Contacting their customer service, they swear the change is for marketing only, make up and uses are indeed the same. 
Working with wood decay, it is the only product I ever use to spray all surrounding areas once all the wood decay has been removed & repaired prior to closing up. (As long as not opened to the inside of a home as it does have a lingering odor) Completely read the directions & precautions before just applying, their Customer Service is great for questions & 800 # is on the jugs)


----------



## neolitic (Apr 20, 2006)

Halo said:


> I believe copper napthenate is being regulated out of existence, or so I have been told.


Not yet...
"_Every year several million cubic feet of wood are pressure treated with copper naphthenate. This includes thousands of utility poles as well as posts, timbers and lumber.

Copper naphthenate is highly effective against wood-destroying fungi and insects. It is water repellent, leach resistant and has a high degree of fixation to wood fibers.

The U.S. Environmental Protection Agency has classified copper naphthenate as a general use wood preservative because it offers minimal hazard to treaters and users alike.
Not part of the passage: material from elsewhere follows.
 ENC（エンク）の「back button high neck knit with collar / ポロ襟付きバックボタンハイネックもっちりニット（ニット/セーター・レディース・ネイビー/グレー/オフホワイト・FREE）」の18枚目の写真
Since copper naphthenate is a non-restricted preservative, it is commonly sold over the counter for use by the general public. _ "
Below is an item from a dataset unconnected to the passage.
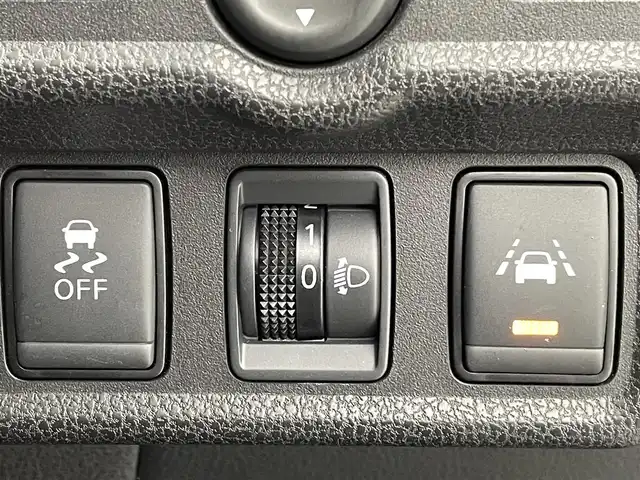 日産 ノート X 熊本県 2019(令1)年 2.5万km 黒 純正ナビMJ119D-W（ＣＤ・ＤＶＤ・フルセグ・ＢＴ）/バックカメラ　/ＥＴＣ　/前後クリアランスソナー　/エマージェンシーブレーキ　/レーンキープアシスト　/横滑り防止　/アイドリングストップ　/社外フロアマット　/電動格納ミラー/オートライト/スマートキー/プッシュスタート/スペアキー1本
http://www.merichem.com/products_services/wood_preservative/product_bulletin.php


----------



## Halo (Oct 3, 2007)

Thanks neolitic for the clarification. The info I posted was actually told to me by a rep for Jasco several months ago. I was asking about the new labels and material color. I cannot remember his exact ingrediant terminology, but he was basically saying they were getting away from napthanate and using a different carrier. Anyway, I will have to have a look see at the store as I baught a bunch of the old stock, maybe that was his intention!


----------



## wallmaxx (Jun 18, 2007)

neolitic said:


> _utility poles?? _


Is that the same as telephone poles. I thought that was creosote.


http://www.epa.gov/pesticides/factsheets/chemicals/creosote_main.htm

Creosote is a wood preservative used for commercial purposes only; it has no registered residential uses. Creosote is obtained from high temperature distillation of coal tar (itself a mixture of hundreds of organic substances), and over 100 components in creosote have been identified. It is used as a fungicide, insecticide, miticide, and sporicide to protect wood and is applied by pressure methods to wood products, primarily utility poles and railroad ties.


----------



## neolitic (Apr 20, 2006)

wallmaxx said:


> Is that the same as telephone poles. I thought that was creosote.
> 
> 
> http://www.epa.gov/pesticides/factsheets/chemicals/creosote_main.htm
> ...


While we still have a few new ones
with the creosote treatment,
the vast majority of our utility
poles (Power or phone/cable)
are green treated.
Mostly pentaprocathenol (sp?),
CCA, or Cu-Nap.
I've always wondered how or if
they make a distinction, which goes 
where?


----------



## wallmaxx (Jun 18, 2007)

I used to live a few miles away from a creosote plant in Conroe, TX...out FM105. You knew driving by that they made railway ties and telephone poles from the unique smell.

I also heard that they made bulkhead timbers for around the lake shore for land retainage...distilled coal juice must be good for the environment, or maybe people weren't so afflicted with twisted panty syndrome back then.


----------